» **DIRECTIONS FOR THIS TASK**
Your answer should consist only of the lines below from the one with "2022 Ford Edge - $16,900" through the one with "Thumbnail: 2022 Jeep Compass - 6", copied exactly.

INPUT RECORDS Start Marker

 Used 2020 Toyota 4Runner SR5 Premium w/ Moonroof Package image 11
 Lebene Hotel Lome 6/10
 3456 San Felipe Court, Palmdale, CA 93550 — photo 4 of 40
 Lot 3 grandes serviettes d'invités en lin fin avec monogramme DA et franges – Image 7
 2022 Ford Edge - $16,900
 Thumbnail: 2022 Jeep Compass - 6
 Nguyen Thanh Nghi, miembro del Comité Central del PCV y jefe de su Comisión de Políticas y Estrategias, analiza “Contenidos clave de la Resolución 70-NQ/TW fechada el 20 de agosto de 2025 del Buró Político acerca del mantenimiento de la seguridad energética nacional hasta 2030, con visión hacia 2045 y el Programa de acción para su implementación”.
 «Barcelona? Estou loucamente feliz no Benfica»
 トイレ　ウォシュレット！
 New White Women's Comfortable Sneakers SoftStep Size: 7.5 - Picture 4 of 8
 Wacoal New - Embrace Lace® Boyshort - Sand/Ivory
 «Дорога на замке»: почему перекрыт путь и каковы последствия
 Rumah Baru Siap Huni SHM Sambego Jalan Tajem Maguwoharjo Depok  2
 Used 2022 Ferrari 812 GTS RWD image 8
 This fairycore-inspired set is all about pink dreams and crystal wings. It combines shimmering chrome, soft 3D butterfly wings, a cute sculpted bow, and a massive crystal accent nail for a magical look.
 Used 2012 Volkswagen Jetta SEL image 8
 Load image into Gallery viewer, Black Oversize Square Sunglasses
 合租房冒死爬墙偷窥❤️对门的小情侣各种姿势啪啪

INPUT RECORDS End Marker

» **EXPECTED ANSWER**
 2022 Ford Edge - $16,900
 Thumbnail: 2022 Jeep Compass - 6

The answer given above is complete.